Short web captions:
:::
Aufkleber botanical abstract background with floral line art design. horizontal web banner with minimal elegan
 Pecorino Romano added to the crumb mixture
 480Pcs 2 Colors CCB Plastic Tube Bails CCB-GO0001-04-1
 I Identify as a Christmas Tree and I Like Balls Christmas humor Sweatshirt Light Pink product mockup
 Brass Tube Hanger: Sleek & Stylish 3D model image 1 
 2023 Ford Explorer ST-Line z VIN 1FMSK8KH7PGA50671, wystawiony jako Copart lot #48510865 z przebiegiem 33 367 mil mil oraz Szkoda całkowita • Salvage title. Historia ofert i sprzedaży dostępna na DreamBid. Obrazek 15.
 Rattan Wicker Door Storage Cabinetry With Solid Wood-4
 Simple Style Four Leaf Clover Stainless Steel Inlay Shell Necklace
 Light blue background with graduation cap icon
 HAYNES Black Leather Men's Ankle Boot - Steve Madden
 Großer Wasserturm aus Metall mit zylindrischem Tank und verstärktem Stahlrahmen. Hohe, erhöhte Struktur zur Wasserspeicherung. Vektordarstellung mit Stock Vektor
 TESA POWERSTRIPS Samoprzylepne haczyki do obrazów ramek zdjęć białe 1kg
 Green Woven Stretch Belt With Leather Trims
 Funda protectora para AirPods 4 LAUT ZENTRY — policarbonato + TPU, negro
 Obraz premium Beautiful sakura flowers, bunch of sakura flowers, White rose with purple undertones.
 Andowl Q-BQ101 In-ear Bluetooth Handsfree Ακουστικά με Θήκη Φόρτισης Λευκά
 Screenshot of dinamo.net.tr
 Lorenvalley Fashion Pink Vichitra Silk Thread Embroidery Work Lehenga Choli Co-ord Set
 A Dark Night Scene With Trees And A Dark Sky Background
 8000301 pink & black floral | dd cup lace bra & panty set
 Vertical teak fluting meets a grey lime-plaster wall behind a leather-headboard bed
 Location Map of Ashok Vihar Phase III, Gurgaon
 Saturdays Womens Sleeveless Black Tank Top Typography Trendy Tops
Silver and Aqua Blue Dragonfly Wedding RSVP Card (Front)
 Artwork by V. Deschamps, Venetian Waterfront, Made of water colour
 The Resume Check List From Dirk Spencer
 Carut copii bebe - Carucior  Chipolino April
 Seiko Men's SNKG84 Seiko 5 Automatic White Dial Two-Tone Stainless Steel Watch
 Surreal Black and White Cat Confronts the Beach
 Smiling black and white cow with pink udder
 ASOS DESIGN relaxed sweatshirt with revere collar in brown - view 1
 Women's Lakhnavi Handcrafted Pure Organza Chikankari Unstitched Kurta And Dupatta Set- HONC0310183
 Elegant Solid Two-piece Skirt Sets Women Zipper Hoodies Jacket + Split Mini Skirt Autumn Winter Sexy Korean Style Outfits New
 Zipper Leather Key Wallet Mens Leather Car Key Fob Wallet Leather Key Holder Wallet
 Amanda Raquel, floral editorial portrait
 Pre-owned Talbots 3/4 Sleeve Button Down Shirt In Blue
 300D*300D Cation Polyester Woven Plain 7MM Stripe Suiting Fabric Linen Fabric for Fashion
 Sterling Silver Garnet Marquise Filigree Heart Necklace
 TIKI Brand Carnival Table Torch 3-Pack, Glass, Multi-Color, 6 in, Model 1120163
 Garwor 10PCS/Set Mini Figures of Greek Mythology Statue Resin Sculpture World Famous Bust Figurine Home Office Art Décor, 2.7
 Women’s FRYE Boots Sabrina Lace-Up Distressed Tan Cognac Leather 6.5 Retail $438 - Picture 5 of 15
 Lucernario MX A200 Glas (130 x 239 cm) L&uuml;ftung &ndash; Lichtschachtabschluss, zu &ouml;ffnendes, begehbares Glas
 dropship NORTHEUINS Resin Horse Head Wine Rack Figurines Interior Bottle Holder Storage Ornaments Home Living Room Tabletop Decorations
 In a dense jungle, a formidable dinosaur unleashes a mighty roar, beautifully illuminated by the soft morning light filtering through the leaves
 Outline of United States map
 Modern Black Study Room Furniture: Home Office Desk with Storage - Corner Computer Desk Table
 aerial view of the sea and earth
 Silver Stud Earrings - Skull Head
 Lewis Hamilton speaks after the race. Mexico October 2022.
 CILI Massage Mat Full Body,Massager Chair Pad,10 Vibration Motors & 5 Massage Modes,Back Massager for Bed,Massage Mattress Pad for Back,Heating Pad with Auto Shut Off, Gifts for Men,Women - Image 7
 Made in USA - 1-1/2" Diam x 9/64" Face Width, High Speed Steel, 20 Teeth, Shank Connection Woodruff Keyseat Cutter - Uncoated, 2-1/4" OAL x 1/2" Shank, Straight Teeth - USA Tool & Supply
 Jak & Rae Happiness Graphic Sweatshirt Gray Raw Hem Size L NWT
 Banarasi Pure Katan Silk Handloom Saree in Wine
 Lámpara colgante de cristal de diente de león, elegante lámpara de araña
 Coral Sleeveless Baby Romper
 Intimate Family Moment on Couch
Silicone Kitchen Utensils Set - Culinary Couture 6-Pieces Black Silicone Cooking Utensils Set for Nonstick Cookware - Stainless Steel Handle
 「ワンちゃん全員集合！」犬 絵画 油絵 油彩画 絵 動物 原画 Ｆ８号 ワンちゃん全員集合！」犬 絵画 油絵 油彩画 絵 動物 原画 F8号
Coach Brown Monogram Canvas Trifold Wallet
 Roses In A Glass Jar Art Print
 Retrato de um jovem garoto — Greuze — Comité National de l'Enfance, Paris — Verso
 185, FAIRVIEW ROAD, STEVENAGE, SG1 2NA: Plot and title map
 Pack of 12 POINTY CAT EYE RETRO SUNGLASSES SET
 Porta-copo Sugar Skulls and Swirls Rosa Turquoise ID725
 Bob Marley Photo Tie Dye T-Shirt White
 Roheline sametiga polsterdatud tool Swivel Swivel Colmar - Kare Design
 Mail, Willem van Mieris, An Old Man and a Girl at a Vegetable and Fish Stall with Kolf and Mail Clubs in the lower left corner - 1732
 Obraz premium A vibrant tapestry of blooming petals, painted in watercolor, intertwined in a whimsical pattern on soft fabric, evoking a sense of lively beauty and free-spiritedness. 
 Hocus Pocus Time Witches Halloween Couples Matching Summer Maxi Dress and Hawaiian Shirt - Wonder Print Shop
:::
— PROBLEM STATEMENT —
Your answer must consist solely of the lines above between the line holding "Saturdays Womens Sleeveless" and the line holding "TIKI Brand Carnival", inclusive, copied exactly.

— WRITTEN RESPONSE —
 Saturdays Womens Sleeveless Black Tank Top Typography Trendy Tops
Silver and Aqua Blue Dragonfly Wedding RSVP Card (Front)
 Artwork by V. Deschamps, Venetian Waterfront, Made of water colour
 The Resume Check List From Dirk Spencer
 Carut copii bebe - Carucior  Chipolino April
 Seiko Men's SNKG84 Seiko 5 Automatic White Dial Two-Tone Stainless Steel Watch
 Surreal Black and White Cat Confronts the Beach
 Smiling black and white cow with pink udder
 ASOS DESIGN relaxed sweatshirt with revere collar in brown - view 1
 Women's Lakhnavi Handcrafted Pure Organza Chikankari Unstitched Kurta And Dupatta Set- HONC0310183
 Elegant Solid Two-piece Skirt Sets Women Zipper Hoodies Jacket + Split Mini Skirt Autumn Winter Sexy Korean Style Outfits New
 Zipper Leather Key Wallet Mens Leather Car Key Fob Wallet Leather Key Holder Wallet
 Amanda Raquel, floral editorial portrait
 Pre-owned Talbots 3/4 Sleeve Button Down Shirt In Blue
 300D*300D Cation Polyester Woven Plain 7MM Stripe Suiting Fabric Linen Fabric for Fashion
 Sterling Silver Garnet Marquise Filigree Heart Necklace
 TIKI Brand Carnival Table Torch 3-Pack, Glass, Multi-Color, 6 in, Model 1120163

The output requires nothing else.